A partial list of his published works:

- Jaini, Padmanabh (1998). "The Jaina Path of Purification" (First edition in 1979)
- Jaini, Padmanabh (1991). "Gender and Salvation: Jaina Debates on the Spiritual Liberation of Women"
- Jaini, Padmanabh (2000). "Collected Papers on Jaina Studies"
- Jaini, Padmanabh (2001). "Collected Papers on Buddhist Studies"
- Padmanabh Jaini & Mark Tully (2009). "Christianity and Jainism : An Interfaith Dialogue"

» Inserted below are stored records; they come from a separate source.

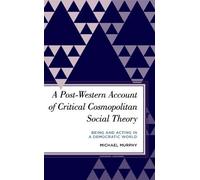 Michael Murphy A Post-Western Account of Critical Cosmopolitan Socia (Tascabile)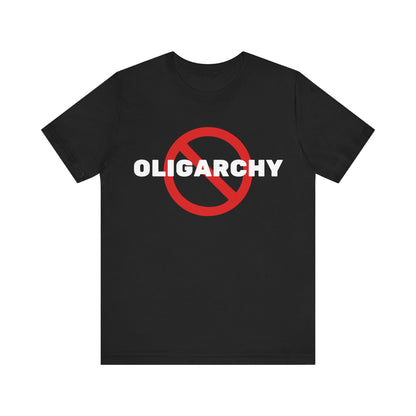 NO Oligarchy 50501 Movement Series 4 - Unisex Tee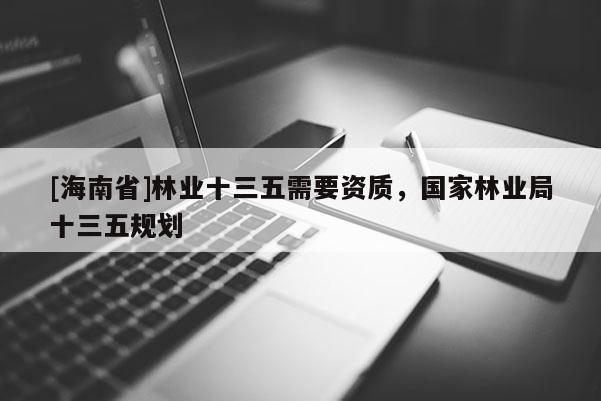 [海南省]林業(yè)十三五需要資質(zhì)，國(guó)家林業(yè)局十三五規(guī)劃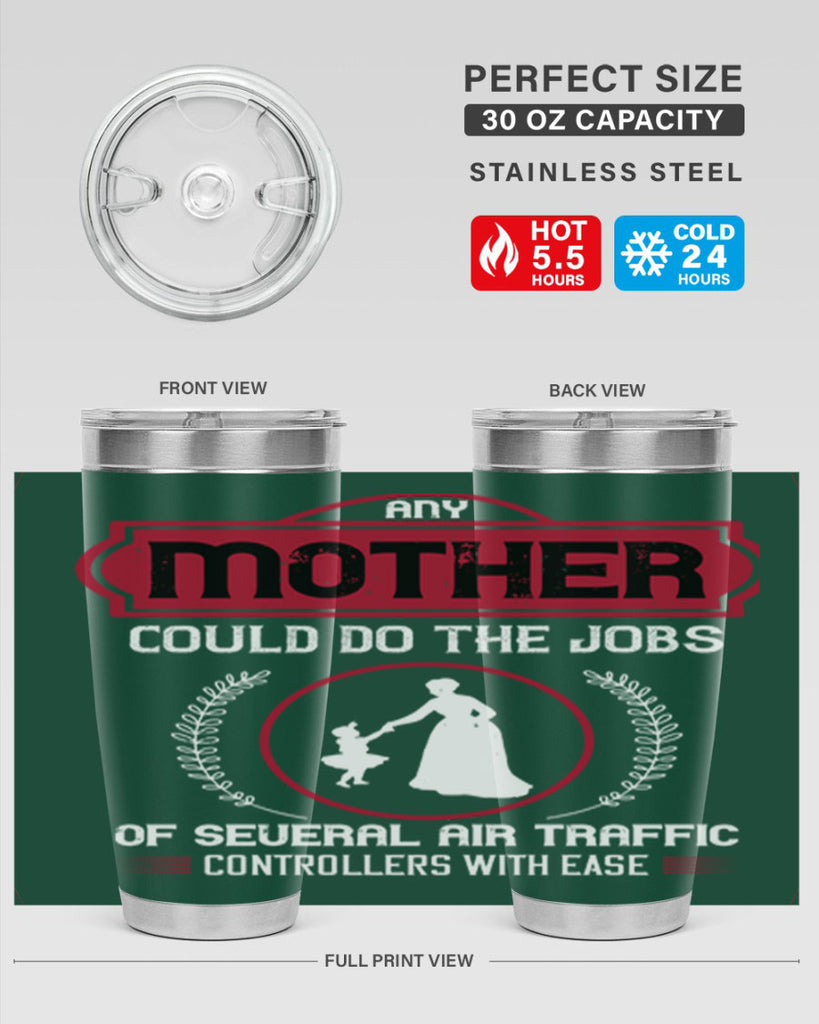 any mother could do 90#- mothers day- Tumbler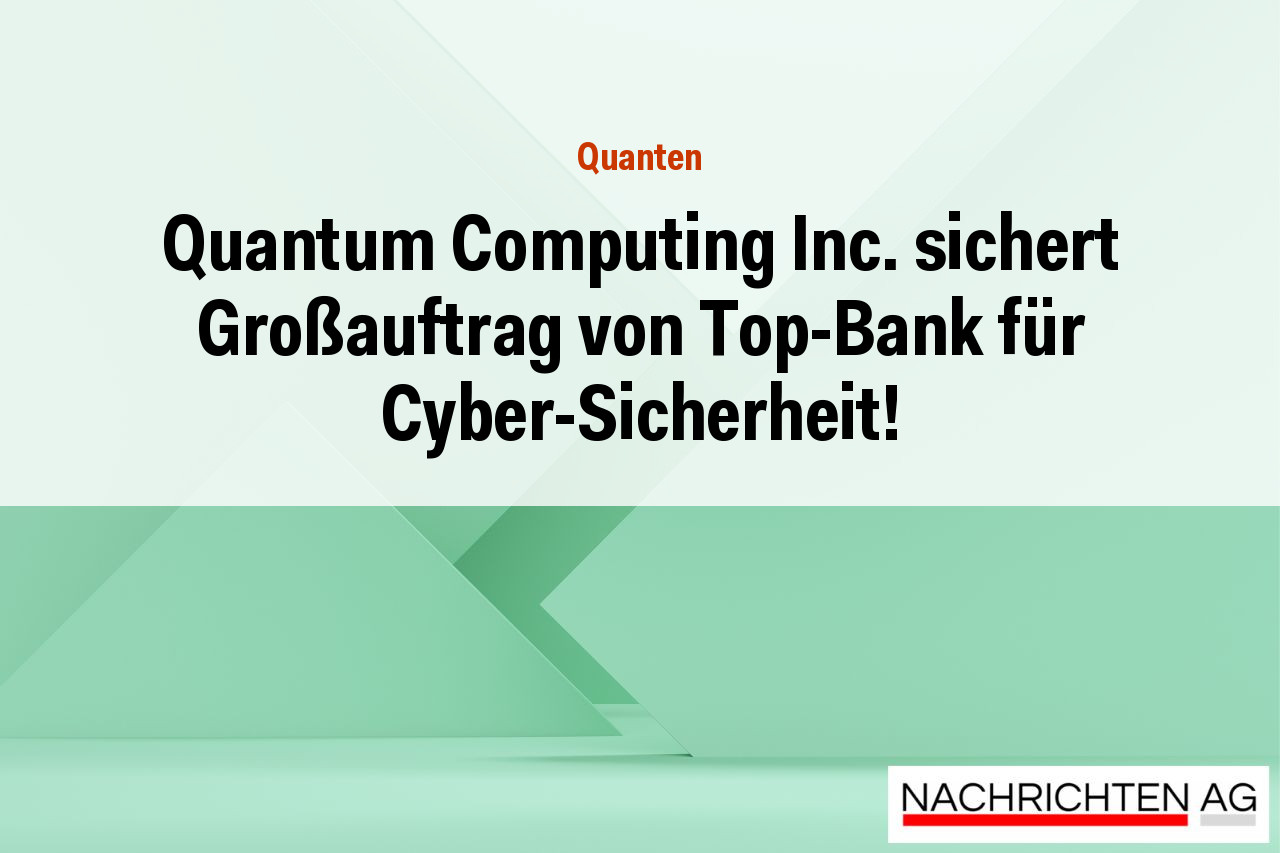 Quantum Computing Inc. sichert Großauftrag von Top-Bank für Cyber-Sicherheit!
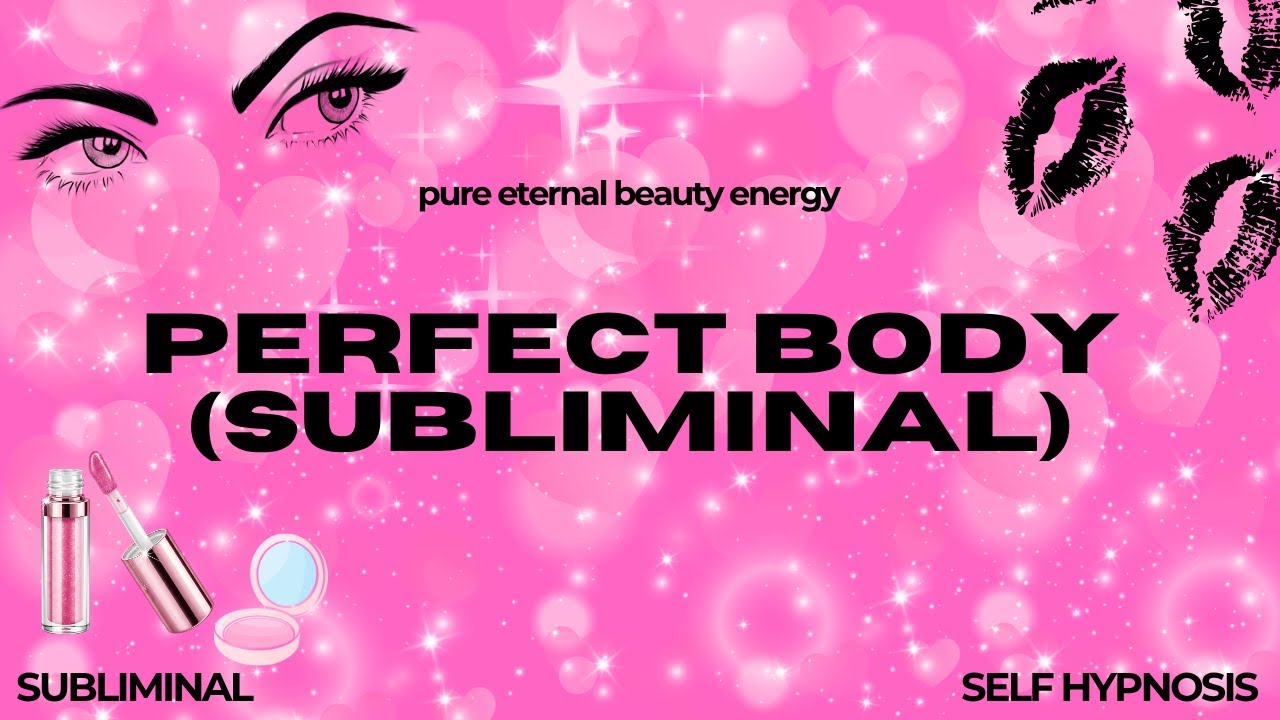 PERFECT BODY SUBLIMINAL – Slim Waist, Curves, Proportion and Confidence ...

A partial list of works published by Pali text Society include:
- Subodhalankara: Porana-tika (Mahasami-tika)
- Apocryphal Birth-Stories (Pannasa-Jataka)
- Lokaneyyapakarana

His other works include "Abhidharma Buddhism to 150 A.D." published under Encyclopedia of Indian Philosophies series. His autobiography "Yogayoga: Memoirs of Professor Dr. Padmanabh S. Jaini" is translated by Amit Joharapurkar in Marathi. His life and work was narrated in the biographical book ":Charitra Tyanche Paha Jara (चरित्र त्यांचे पहा जरा)" in Marathi.